==== Dataset content

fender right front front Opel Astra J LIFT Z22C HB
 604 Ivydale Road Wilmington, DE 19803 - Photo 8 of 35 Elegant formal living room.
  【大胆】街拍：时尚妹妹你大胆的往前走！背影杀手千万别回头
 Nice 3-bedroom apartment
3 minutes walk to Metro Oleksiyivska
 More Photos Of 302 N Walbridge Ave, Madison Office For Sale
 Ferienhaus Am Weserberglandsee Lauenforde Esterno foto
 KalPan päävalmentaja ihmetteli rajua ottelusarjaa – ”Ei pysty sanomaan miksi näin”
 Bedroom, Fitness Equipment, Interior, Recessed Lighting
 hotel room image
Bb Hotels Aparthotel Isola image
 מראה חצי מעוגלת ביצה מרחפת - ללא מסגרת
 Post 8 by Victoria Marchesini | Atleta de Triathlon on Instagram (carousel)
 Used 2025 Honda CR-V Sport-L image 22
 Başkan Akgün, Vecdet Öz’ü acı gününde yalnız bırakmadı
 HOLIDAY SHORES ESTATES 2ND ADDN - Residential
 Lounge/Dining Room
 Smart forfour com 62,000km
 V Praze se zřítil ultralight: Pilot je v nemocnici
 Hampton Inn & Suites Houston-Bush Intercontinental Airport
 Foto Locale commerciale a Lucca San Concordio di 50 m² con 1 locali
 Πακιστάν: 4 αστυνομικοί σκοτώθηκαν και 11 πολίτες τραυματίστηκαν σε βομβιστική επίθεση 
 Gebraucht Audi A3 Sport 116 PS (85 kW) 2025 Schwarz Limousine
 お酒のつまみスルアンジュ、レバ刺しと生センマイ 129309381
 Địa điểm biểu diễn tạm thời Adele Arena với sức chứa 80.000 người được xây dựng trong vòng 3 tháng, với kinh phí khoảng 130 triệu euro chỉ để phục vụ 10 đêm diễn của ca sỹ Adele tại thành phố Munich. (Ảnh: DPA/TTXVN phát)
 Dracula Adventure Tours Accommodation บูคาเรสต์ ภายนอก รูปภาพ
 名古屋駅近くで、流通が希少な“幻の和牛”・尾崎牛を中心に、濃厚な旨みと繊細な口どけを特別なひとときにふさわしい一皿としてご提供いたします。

========

**Exercise directions:** For the word "image", go through the records and show each line that carries it.

**Solution to the exercise:**
 hotel room image
Bb Hotels Aparthotel Isola image
 Used 2025 Honda CR-V Sport-L image 22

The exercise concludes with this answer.